Friday, October 24, 2014

What Ifs

They really aren't helpful, are they?

We all have them.  

Mine range from the superficial "what if I were taller/thinner/better looking?" to questions about my path in life "what if I had moved to NYC instead of Los Angeles?" to "how would my life be different (better/worse) if I had never had kids?"

Yes, I have thought about that last one.  I'm not saying I wish I hadn't had my kids, because that is totally untrue.  Sure, there are moments when I look around my tiny, cluttered house and wish I was living in a loft in Paris...alone.  Who doesn't have these kind of daydreams?  (Angelina Jolie)  I'm saying that maybe I could have been thinner, traveled the world, made some more money, etc, etc, if I hadn't.  And maybe not.  Maybe I would be just as poor, chunky, travel deprived as I am now.  Who really knows?

It's a trade-off.  Okay, for some, it isn't (Hello, Angelina!), but for most, having kids means your life will be somewhat messier and you will be somewhat poorer.  For most parents it is a welcome trade-off.  Our kids enrich our lives in big and small ways every day.  My kids make me laugh, make me proud and make me yell in frustration, sometimes in the span of two minutes.  It's crazy and chaotic and I am happy and feel privileged to have such great kids.

I thought about these "what ifs" when I read an article about a mom with the headline "Mom of son with Down syndrome, 47, wishes she had had an abortion"...or something along those lines.  I refuse to post the article here, but a little Googling on your part will bring you to the story I am referring to.

I read it because a few of my friends had posted it, incredulous that this hateful piece was out there, complete with pictures of the family.  I repeat, pictures.

I am having a hard time wrapping my brain around putting your kid (he's an adult, but still her child) out there with the words "I wish he were never born" or actually, even worse, "I wish I had known what you would be so I could have aborted you" alongside a brand new family portrait.  I am no psychiatrist, but I think there is something deeply, fundamentally wrong with this person.

My first reaction was "how dare she?!"  Seriously, how dare she put her kid's name and picture out there with those words?!?  How dare she pose with him like they were a family?!?!  What purpose does this have?  We should feel sorry for her?  We should pity her?  What does she get out of this?  I have to wonder.  Maybe ( I think, definitely) she has some serious mental disorder.  Maybe she was duped into telling her sensationalized story by some unscrupulous editor (the source it comes from is known for it's outrageous stories and is no friend to the disability community).


I feel awful for her children.  She has another, older son who is missing from the latest family portrait; I would be very interested to hear what he has to say about all of this.  As for her younger son, I just feel so much sadness.  How awful to be the subject of so much loathing and misplaced anger and self-pity.  This woman has decided that her life would have been better without her younger son in it.  Meanwhile, she institutionalized him, so he really wasn't in it much, anyway, so I don't understand how he ruined her life.  She is blaming her crappy life on a child; a child that didn't ask for his issues, or choose his parents.  I have to believe that all any child really wants from their parents is to be loved and accepted.  Feeling like a disappointment is no way to go through life.

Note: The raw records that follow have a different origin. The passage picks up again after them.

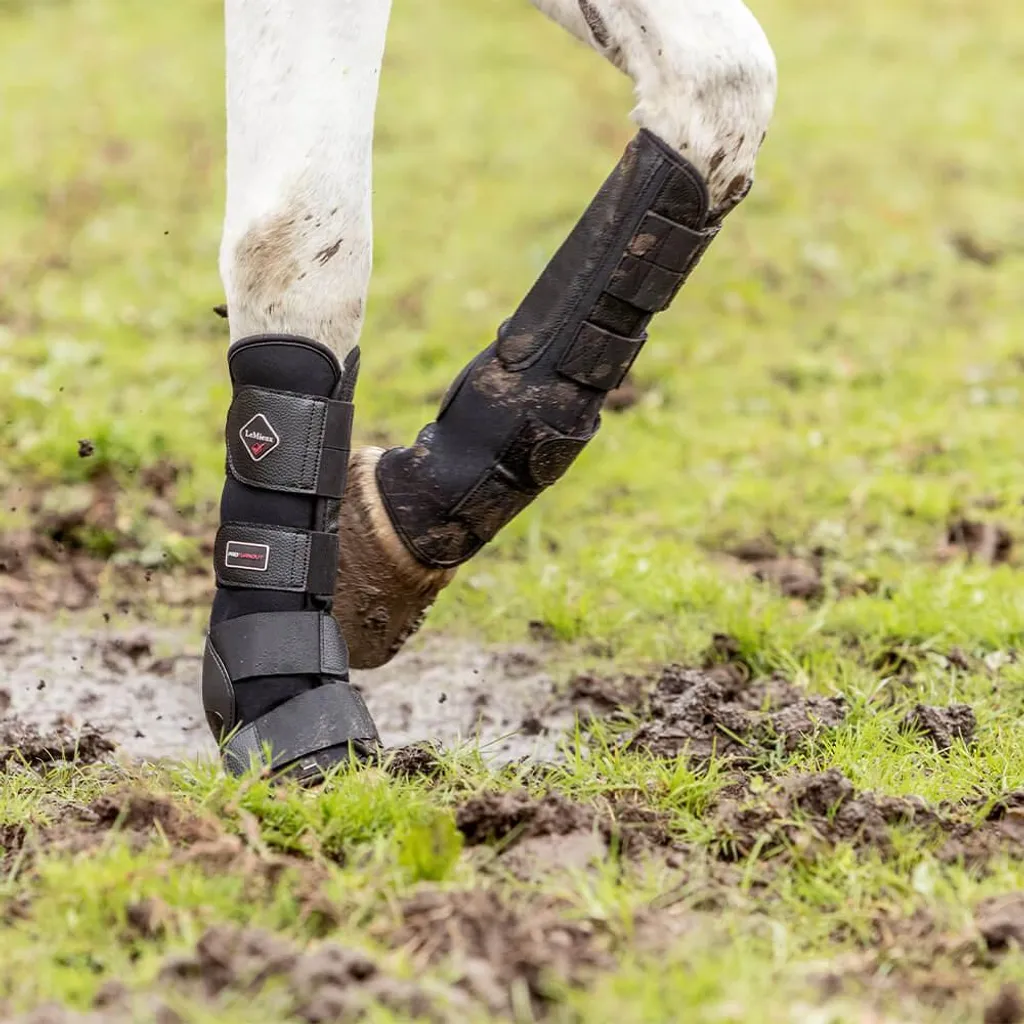 Bottes LeMieux Turnout Noir Taille XL pour Protection des Chevaux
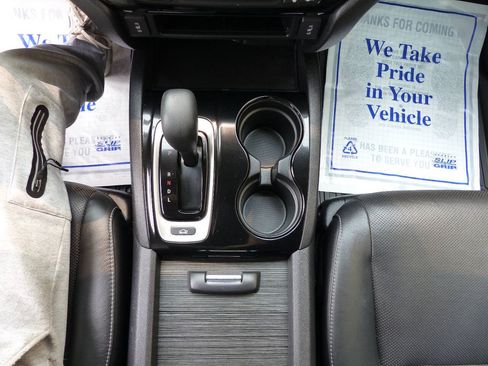 Used 2018 Honda Ridgeline RTL-E image 35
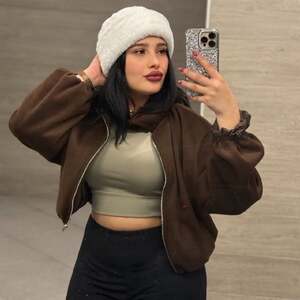 Ozge Can Cicek nude 10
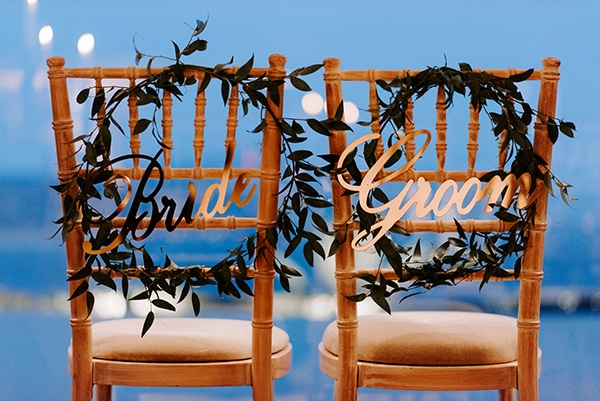 Στολισμός καρέκλας για νεόνυμφους με πινακίδες “Groom – Bride”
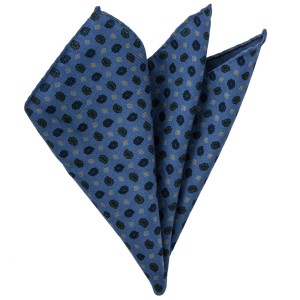 Niebieska wełniana poszetka w drobny paisley i romby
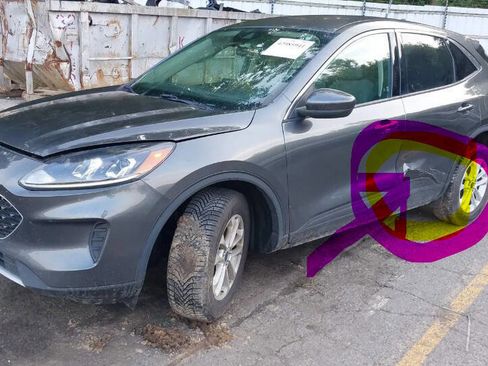 Used 2020 Ford Escape SE image 48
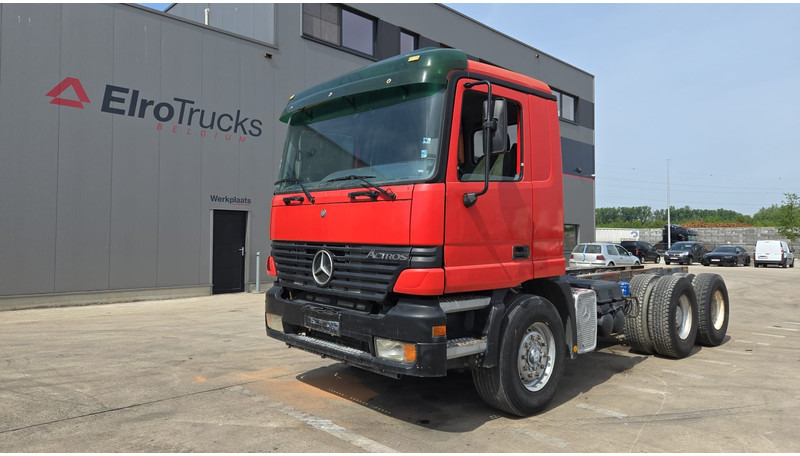 Mercedes-Benz ACTROS 2640 (EPS / 3 PEDALES / V6 / LAMES / GRAND PONT / EURO 2 / SEMI-AUTO) - Camión chasis: foto 1 Mercedes-Benz ACTROS 2640 (EPS / 3 PEDALES / V6 / LAMES / GRAND PONT / EURO 2 / SEMI-AUTO) - Camión chasis: foto 1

I feel sad for her, too, though it's a grudging feeling.  I really don't think she deserves my pity, but I do pity her.  I pity her crappy life.  I pity her inability to see the good and that it outweighs the bad.  I pity the small, sheltered space she must inhabit.  I pity the hatred she must feel for herself.

Yes, I am angry.  I am angry that she put this out there for expecting parents to see.  Will their fears be confirmed with this story?  I hope not.  I hope that they know that there are many, many more parents of kids with Down syndrome who feel pretty much the exact opposite of this one, myself included.

I am angry that people say she is a product of her generation.  That statement is a slap in the face to any parent that chose the hard road of keeping their kid home and fighting for inclusion in those earlier days.  She could have been a pioneer and she chose to be a coward.

Parenting is not for the timid.  At least, parenting well isn't.